El pintor le pidió que se vistiera, que acomodara sus ropas para continuar con el trabajo, tomó una copa de su brebaje tonificante de ajenjo de borraja, le convidó otra de buen mosto del Rhin a Veronica y embebió los pinceles en los colores que le daban forma a la tela.

Ella, fascinada por la pasión del arte, reflexionaba: «No sé, yo tan segura… Ansío descubrirme a través de los ojos del pintor. Porque yo… disfruto con las conversaciones de mis protectores. Comparto la alegría del sexo. Pero cuando quedo sola extraño el amor de Marco. Marco, casado con una insulsa aristócrata. Sin amor, sin intercambio de ideas… ¿Podría soportar yo una relación así? No, de ninguna manera. Porque a mí me gusta ser amiga de mi hombre, leer juntos, conversar de todos los temas. Sin censuras. Compartir el sexo con amor pero libre, sin límites. Una entrega de cuerpo y alma. Esa unión casi mística que pocos se atreven a encontrar. Acompañarlo a las reuniones literarias y políticas y, además, por qué no, ser su esposa. Marco, querido, te extraño. Tintoretto, mi amigo, ¿podrás pintar esta íntima tristeza? ¿Qué debo hacer? ¡Respóndeme con tu cuadro!»

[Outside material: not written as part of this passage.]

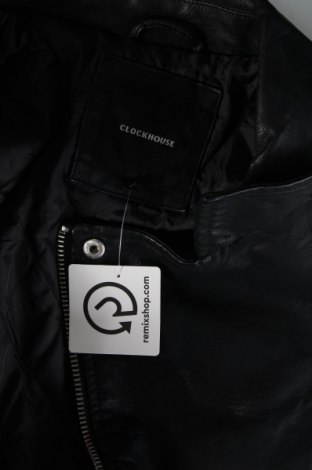 Pánska kožená bunda  Clockhouse, Veľkosť L, Farba Čierna, Cena  27,78 €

Él continuaba, frenético. Al fin, ella iba a ser un retrato. Agradable, sin nombre, para siempre callada aunque guardaría para sí y por siempre el recuerdo de los intercambios con su modelo.

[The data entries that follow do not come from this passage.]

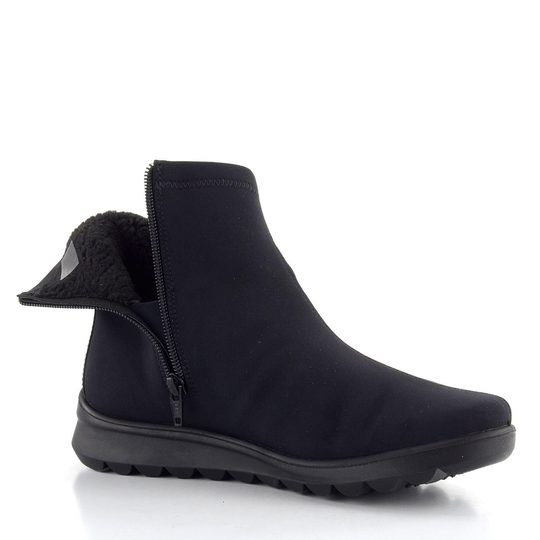 Ara širší textilní kotník s membránou Toronto Schwarz 12-40412-01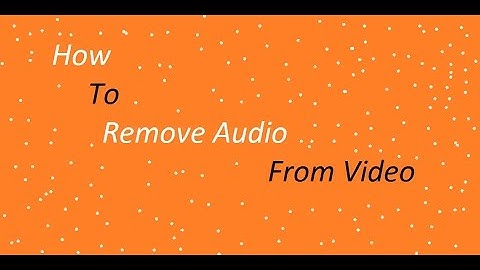How to remove Sound/Audio from any Video using Windows Movie Maker? Tutorial For Windows users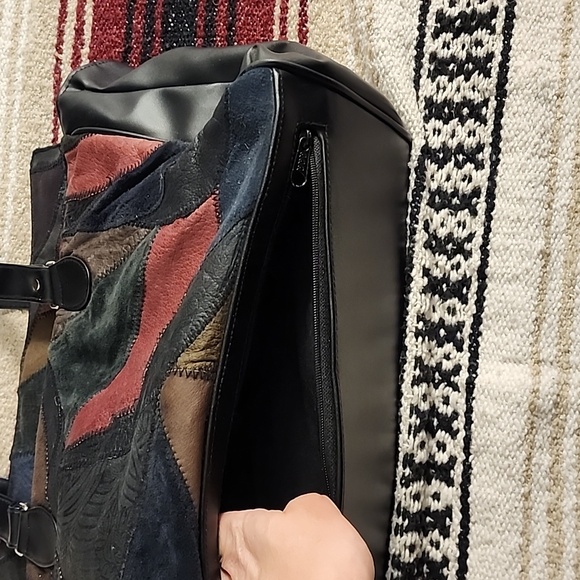 🔴 🔚🔜 VTG La Corina Leather Patchwork Purse. - Picture 4 of 16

Por la noche se empezaron a escuchar algunas voces. Llegaban de la calle.

Faustina, la diligente esposa, fue hacia la puerta.

Al abrirla, tres hombres gritaron al unísono:

—Queremos ver al artista —apelaron Domenico Venier y sus sobrinos, Marco y Maffio.

—No, mi marido está trabajando —se excusó la mujer en un vano intentó por impedir que las visitas avanzaran.

Imposible.

Sin pedir permiso, ya se habían sentado en los sillones de la sala.

El senador reía, amable, seguro de sí mismo. Definitivamente seductor.

Como de costumbre, Faustina callaba, sumisa. Sin palabras, se encaminó hacia la cocina.

El mecenas acarició la inocente cabeza de uno de los niños de la casa.

Al rato, apareció un jovencito.

—¿Cómo te llamas? —lo interrogó Venier.

—Domenico, señor.

¡Come io!

—¡Qué honor! —respondió el hijo mayor de Tintoretto mientras estrechaba su mano.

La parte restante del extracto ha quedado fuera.